= INPUT =

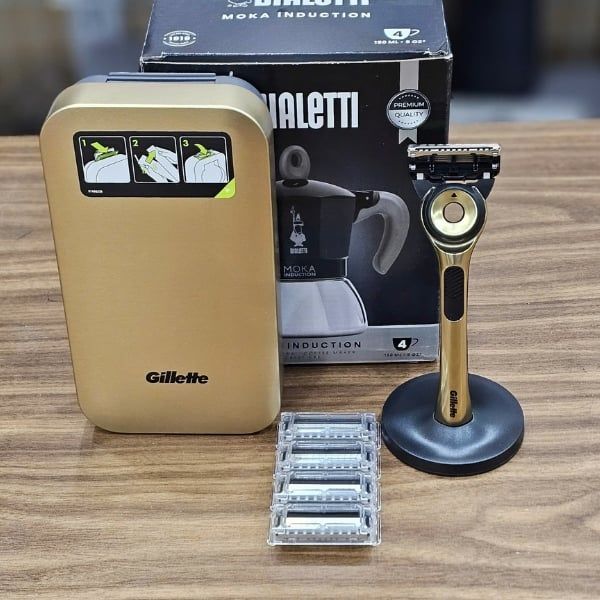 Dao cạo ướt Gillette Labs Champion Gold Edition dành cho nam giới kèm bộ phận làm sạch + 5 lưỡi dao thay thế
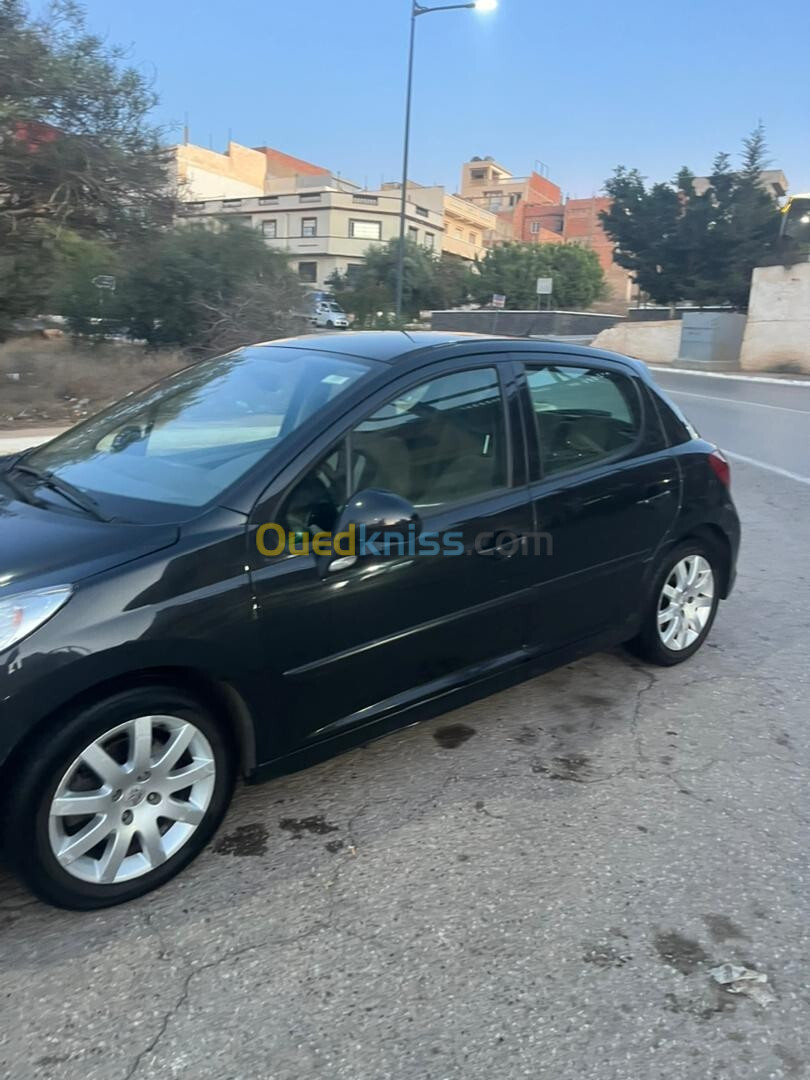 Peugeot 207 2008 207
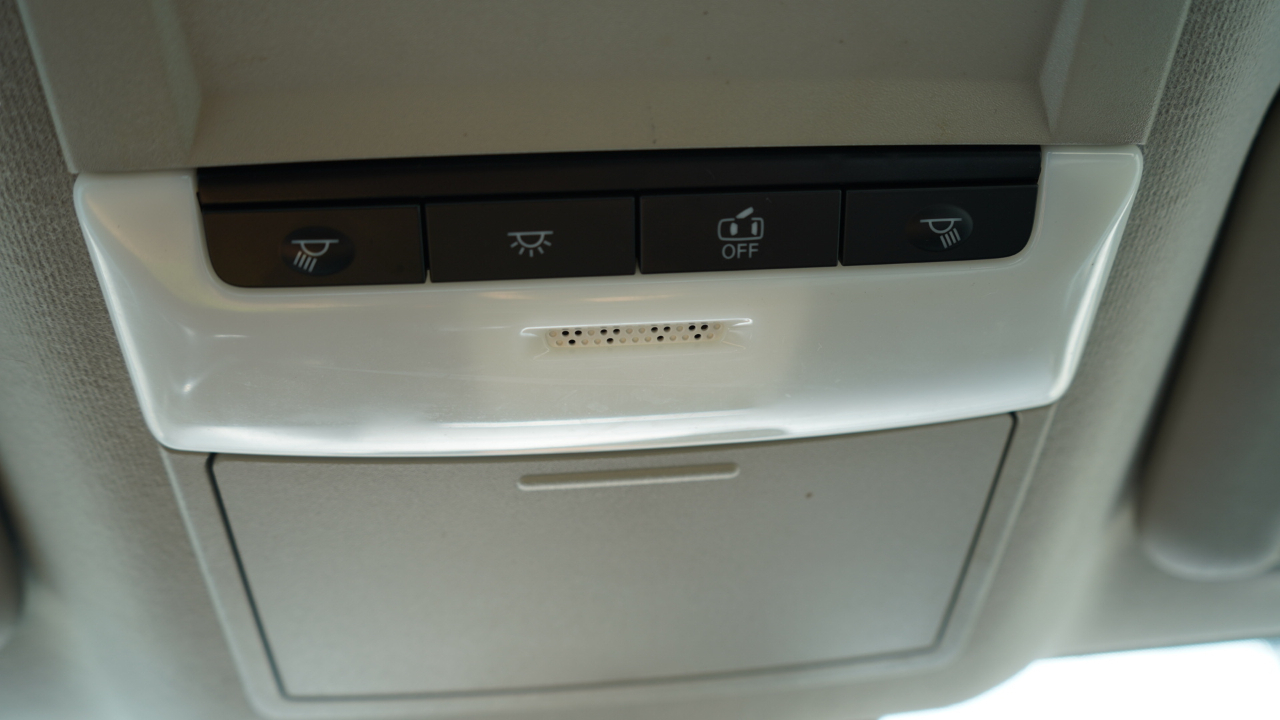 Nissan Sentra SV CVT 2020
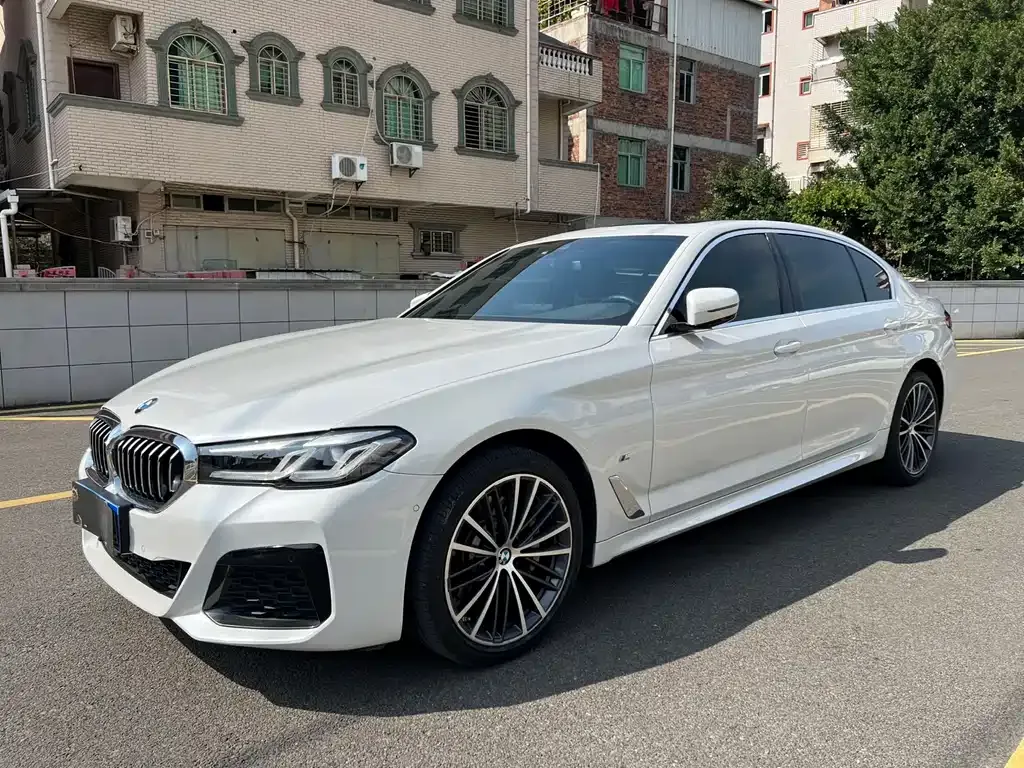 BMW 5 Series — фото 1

---

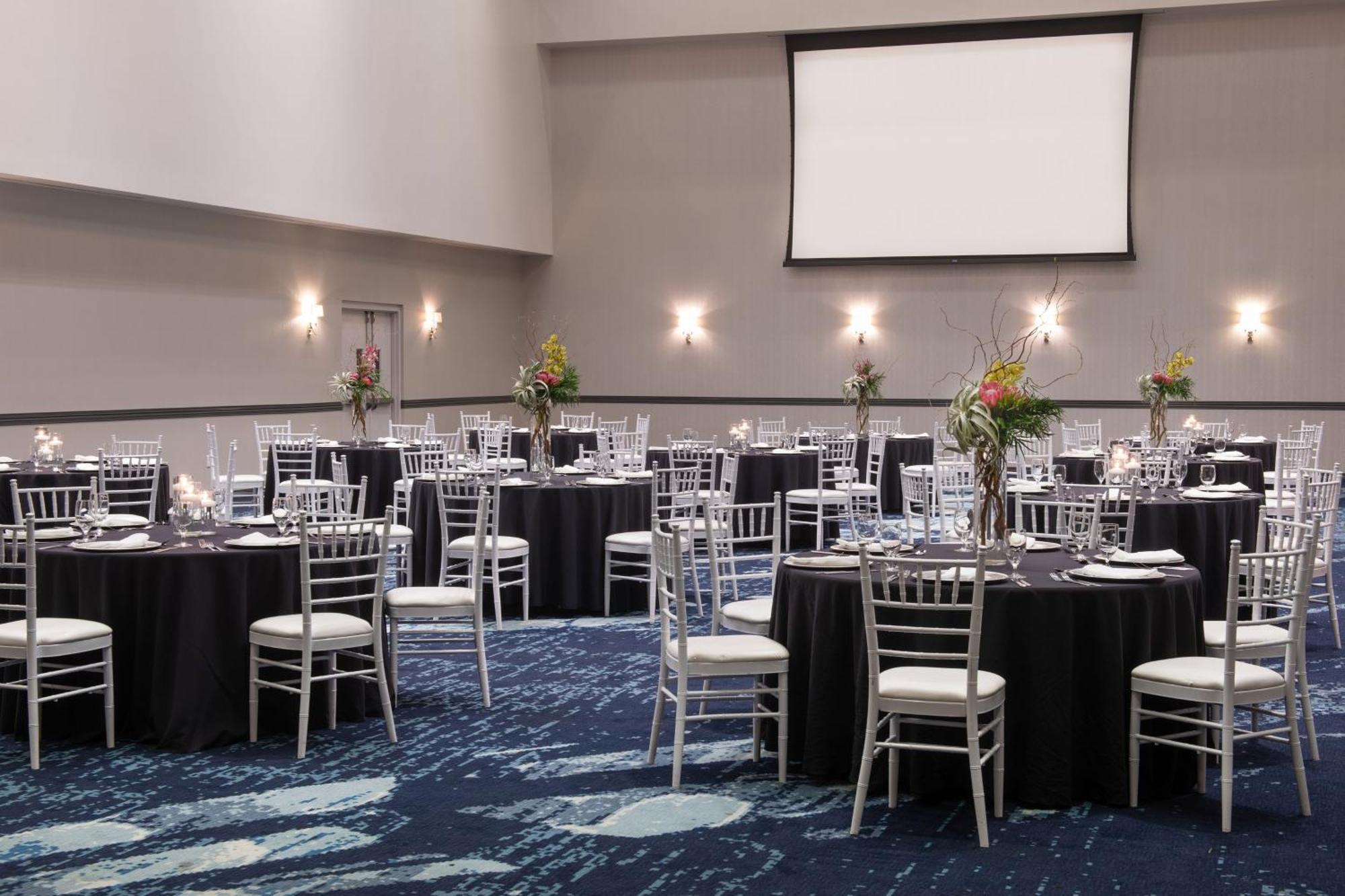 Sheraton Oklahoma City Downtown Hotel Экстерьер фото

= DIRECTIONS =
Copy only this from above: the line containing "Dao cạo ướt", the line containing "BMW 5 Series — фото 1", and all lines between, printed exactly. Leave out the pictures.

= TASK OUTPUT =
 Dao cạo ướt Gillette Labs Champion Gold Edition dành cho nam giới kèm bộ phận làm sạch + 5 lưỡi dao thay thế
 Peugeot 207 2008 207
 Nissan Sentra SV CVT 2020
 BMW 5 Series — фото 1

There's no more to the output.